As mentioned earlier, personal bankruptcy can be filed for under Chapter 7(for almost complete elimination of debts) and the more conditional and restrictive Chapter 13 of the federal bankruptcy code. Basically, the provisions under personal bankruptcy allow a genuinely insolvent individual to wipe the slate clean and make a fresh beginning. If the case is bona fide and the proper procedure is followed, the debtor is guaranteed freedom from financial and mental harassment and by creditors.
People file for personal bankruptcy for various reasons. The most common ones are debt incurred by credit card misuse, divorce proceedings and eventual alimony/child support expenses, sudden illness entailing major medical expenses, accidents, etc.
Though it may often seem like the only feasible option, filing for bankruptcy should not be done without weighing all the pros and cons. No individual should consider filing for bankruptcy unless he/she has consulted with an attorney knowledgeable in US bankruptcy laws. Once filing has been decided on, all necessary forms and other documentation should be filled in consultation with an attorney.
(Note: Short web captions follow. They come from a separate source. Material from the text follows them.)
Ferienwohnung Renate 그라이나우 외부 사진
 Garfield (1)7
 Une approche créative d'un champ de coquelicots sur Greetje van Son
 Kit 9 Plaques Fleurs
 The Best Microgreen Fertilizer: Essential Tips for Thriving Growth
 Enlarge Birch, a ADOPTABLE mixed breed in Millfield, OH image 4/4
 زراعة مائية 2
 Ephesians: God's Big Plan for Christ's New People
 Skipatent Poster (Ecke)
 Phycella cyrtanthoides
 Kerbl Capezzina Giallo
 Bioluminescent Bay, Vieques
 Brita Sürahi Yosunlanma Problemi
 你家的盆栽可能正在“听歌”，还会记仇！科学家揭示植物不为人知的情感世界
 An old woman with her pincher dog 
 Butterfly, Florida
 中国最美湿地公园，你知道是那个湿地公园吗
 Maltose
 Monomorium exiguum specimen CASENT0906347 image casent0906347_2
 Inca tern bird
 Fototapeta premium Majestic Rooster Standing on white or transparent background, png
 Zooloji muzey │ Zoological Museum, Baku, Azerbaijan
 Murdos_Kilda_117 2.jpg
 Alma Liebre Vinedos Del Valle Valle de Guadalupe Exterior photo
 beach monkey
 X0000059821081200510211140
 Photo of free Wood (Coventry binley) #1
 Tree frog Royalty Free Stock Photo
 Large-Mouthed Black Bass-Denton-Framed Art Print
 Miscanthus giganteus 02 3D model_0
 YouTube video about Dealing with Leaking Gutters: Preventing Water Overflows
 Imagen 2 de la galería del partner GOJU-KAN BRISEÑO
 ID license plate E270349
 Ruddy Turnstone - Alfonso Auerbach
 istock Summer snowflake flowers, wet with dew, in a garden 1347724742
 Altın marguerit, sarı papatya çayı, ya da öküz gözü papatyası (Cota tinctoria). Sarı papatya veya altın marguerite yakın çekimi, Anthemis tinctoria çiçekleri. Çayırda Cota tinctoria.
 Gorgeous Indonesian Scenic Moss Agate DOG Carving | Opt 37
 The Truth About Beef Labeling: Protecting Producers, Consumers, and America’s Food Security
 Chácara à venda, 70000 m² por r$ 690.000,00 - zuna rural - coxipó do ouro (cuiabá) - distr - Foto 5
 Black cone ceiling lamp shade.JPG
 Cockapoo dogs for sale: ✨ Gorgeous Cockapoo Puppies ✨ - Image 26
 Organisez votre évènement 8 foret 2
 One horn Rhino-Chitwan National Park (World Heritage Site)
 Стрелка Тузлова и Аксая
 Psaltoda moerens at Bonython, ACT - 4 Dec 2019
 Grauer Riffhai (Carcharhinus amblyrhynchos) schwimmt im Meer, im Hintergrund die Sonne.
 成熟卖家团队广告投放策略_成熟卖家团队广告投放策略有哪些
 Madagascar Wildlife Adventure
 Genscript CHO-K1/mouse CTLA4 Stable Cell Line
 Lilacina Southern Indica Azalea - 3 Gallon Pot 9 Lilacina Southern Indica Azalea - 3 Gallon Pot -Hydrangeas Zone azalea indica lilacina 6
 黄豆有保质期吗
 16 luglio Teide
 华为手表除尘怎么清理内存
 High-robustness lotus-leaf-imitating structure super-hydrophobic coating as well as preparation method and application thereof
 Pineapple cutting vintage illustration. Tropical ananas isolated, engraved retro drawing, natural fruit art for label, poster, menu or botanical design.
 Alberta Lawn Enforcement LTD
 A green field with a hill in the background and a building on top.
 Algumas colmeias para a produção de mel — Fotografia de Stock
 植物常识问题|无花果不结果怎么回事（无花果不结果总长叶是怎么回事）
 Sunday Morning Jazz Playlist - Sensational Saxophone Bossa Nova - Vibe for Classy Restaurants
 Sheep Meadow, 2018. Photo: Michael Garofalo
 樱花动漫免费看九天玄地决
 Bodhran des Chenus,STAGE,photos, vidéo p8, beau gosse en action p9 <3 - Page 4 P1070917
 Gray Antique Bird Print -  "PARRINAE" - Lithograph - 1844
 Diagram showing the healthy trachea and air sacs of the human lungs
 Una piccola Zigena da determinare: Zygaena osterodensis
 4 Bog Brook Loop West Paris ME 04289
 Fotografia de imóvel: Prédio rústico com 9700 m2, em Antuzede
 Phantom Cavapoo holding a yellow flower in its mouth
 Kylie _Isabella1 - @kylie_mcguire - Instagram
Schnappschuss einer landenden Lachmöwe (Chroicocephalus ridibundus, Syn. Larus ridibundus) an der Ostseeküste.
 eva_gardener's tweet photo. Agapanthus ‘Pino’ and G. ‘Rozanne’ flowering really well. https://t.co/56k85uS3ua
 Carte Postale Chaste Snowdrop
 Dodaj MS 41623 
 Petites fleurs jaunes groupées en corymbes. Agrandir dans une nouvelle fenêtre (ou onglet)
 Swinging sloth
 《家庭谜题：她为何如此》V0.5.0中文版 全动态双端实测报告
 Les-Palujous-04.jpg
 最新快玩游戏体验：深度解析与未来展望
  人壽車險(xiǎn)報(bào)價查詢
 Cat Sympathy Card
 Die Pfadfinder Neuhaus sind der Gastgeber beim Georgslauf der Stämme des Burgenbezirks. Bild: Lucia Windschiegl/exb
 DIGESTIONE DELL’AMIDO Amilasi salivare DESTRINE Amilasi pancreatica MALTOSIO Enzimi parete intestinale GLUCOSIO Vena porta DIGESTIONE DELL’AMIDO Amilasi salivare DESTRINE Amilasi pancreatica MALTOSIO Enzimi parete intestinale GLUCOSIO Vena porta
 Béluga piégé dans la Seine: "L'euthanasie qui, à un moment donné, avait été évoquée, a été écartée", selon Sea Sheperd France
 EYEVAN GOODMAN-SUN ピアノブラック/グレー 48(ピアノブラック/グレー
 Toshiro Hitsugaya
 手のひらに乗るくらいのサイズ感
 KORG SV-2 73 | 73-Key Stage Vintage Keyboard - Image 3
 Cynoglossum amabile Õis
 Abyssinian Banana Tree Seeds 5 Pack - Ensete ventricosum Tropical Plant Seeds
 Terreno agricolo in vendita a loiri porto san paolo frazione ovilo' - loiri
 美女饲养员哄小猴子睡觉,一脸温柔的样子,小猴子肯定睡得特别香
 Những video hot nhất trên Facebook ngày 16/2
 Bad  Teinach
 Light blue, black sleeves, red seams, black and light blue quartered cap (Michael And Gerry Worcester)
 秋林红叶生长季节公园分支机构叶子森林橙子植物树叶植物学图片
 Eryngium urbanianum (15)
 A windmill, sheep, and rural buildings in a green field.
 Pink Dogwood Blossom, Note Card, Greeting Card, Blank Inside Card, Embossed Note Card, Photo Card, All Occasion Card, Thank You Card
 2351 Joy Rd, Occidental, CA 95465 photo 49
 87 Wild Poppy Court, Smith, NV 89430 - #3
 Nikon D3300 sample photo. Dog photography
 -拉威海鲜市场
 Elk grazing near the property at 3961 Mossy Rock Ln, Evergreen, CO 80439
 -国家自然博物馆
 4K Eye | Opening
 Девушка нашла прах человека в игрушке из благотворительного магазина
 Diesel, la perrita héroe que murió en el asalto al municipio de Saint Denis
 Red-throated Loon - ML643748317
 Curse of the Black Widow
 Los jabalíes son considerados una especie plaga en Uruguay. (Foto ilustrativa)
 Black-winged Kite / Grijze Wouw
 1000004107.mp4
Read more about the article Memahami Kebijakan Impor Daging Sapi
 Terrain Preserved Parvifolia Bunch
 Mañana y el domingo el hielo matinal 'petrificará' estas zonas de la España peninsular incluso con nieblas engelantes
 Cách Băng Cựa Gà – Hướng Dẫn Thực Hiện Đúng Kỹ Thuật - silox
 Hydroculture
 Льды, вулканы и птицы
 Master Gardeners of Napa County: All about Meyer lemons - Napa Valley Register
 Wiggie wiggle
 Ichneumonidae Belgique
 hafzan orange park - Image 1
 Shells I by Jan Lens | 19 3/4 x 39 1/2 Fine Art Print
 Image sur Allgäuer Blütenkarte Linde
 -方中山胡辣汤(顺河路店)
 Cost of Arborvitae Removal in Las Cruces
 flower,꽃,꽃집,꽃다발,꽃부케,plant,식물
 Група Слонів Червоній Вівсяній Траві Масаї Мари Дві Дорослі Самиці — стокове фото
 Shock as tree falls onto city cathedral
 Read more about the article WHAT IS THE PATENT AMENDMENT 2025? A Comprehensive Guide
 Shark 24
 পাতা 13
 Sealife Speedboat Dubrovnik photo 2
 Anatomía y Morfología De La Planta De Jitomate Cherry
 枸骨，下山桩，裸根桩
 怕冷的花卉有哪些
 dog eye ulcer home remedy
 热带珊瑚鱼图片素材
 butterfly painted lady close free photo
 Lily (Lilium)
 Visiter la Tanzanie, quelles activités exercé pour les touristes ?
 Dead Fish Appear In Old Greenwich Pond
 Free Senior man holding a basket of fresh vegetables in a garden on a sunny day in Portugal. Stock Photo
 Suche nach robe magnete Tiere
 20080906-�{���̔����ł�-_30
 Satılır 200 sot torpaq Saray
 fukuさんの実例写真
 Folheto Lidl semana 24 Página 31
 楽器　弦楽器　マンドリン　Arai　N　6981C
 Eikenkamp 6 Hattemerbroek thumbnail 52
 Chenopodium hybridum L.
Updated bankruptcy laws now require a person filing for Chapter 7 or Chapter 13 bankruptcy to undergo a credit counseling course within six months of actual filing. Counseling will be undertaken by officially appointed professionals. Undergoing credit counseling is compulsory and can be foregone only in cases specially exempted by the court.
Whether an individual should file for Chapter 7 or Chapter 13 bankruptcy is largely decided by two factors - the personís income as compared to the average income for his/her state of residence, and the ratio of his/her debts against available income. Following the October 14, 2005 amendments, debts towards government units, fines and penalties under federal election law, tax debts, debts towards certain student loans and some others, are not eliminated by filing for personal bankruptcy.